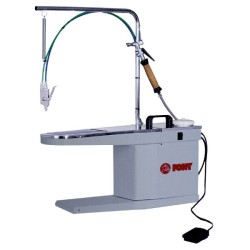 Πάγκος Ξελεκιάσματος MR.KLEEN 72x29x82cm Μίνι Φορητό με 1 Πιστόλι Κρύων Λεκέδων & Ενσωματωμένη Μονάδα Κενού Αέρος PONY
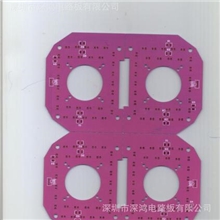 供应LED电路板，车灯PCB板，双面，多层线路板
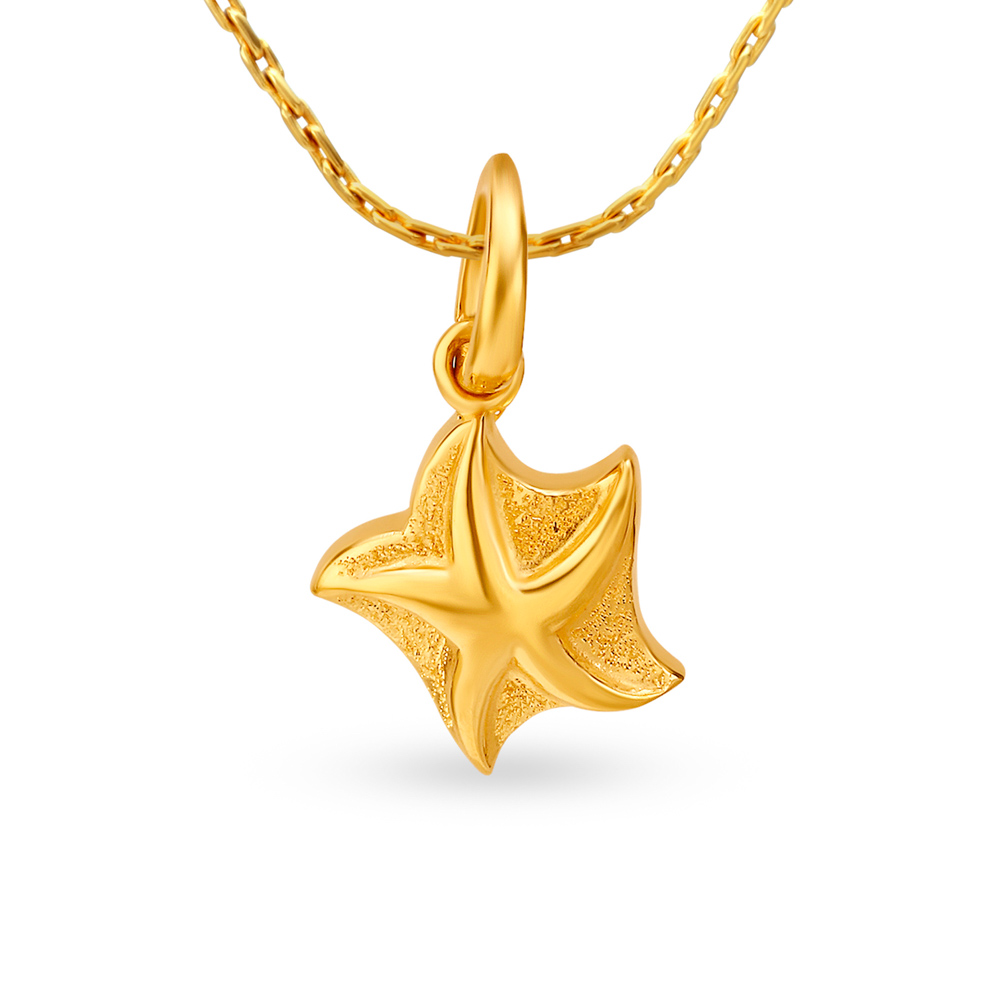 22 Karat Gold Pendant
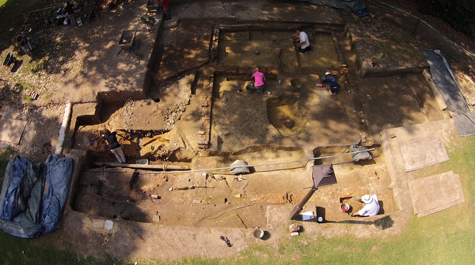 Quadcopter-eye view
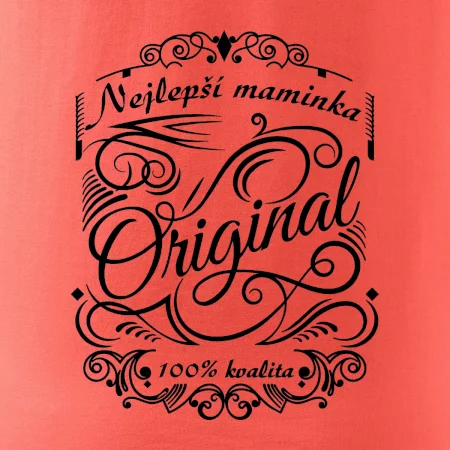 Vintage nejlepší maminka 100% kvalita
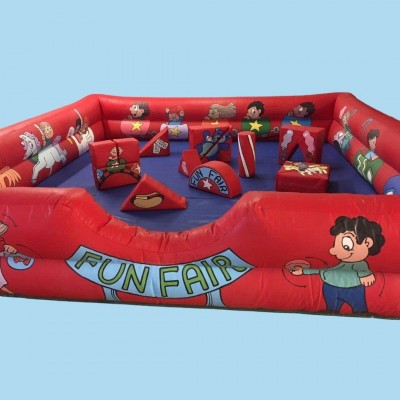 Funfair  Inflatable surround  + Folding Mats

============================================================

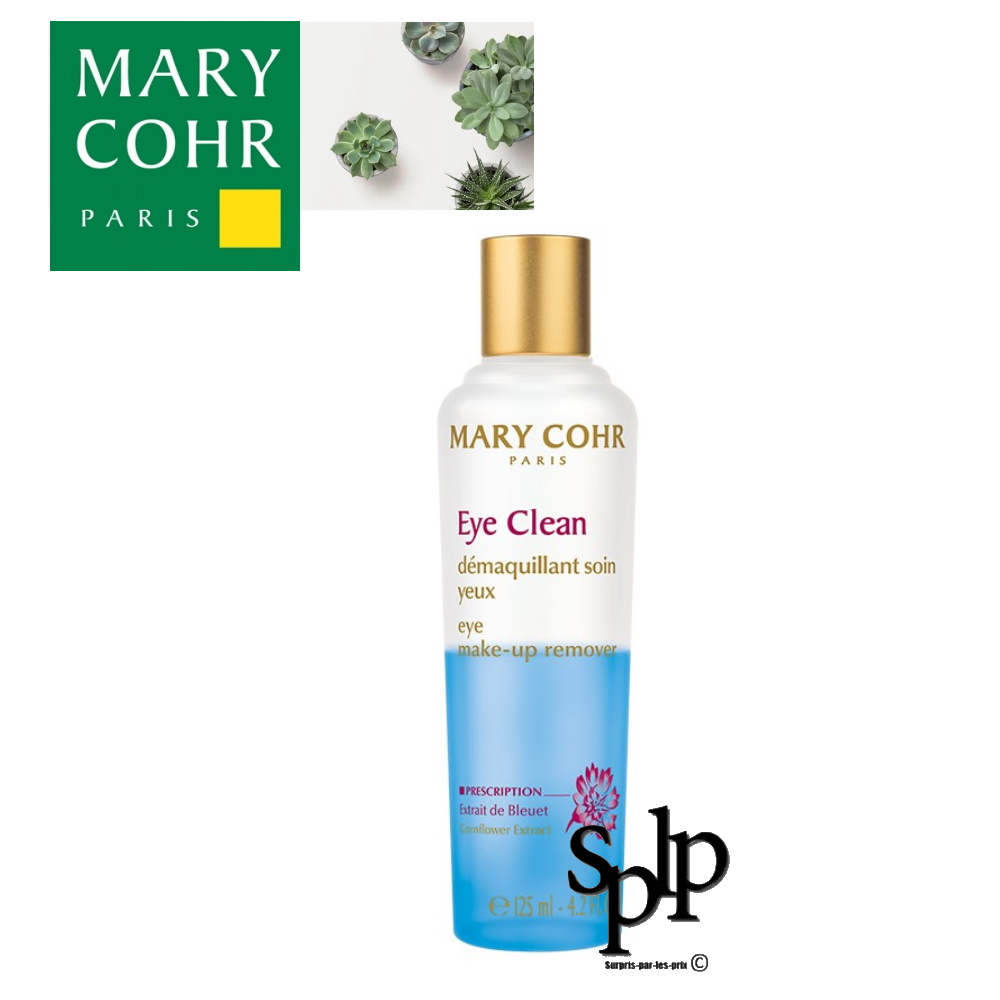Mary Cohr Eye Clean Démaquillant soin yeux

============================================================

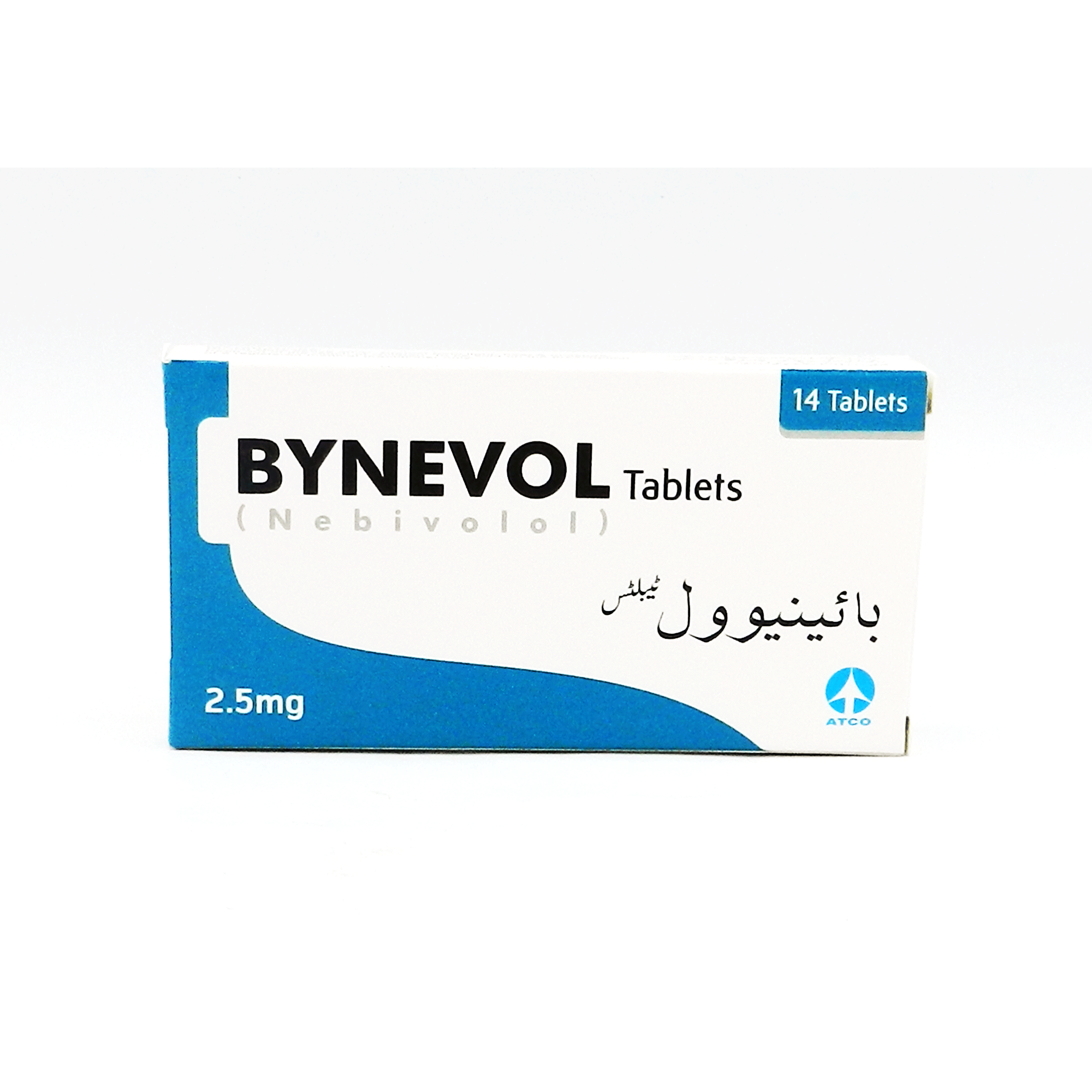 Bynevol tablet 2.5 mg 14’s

============================================================

(Problem description): Among the entries above, find the line with "Πάγκος Ξελεκιάσματος MR.KLEEN" and repeat exactly from there through the line with "Vintage nejlepší maminka 100% kvalita", leaving out the pictures.

(Answer to the problem):
 Πάγκος Ξελεκιάσματος MR.KLEEN 72x29x82cm Μίνι Φορητό με 1 Πιστόλι Κρύων Λεκέδων & Ενσωματωμένη Μονάδα Κενού Αέρος PONY
 供应LED电路板，车灯PCB板，双面，多层线路板
 22 Karat Gold Pendant
 Quadcopter-eye view
 Vintage nejlepší maminka 100% kvalita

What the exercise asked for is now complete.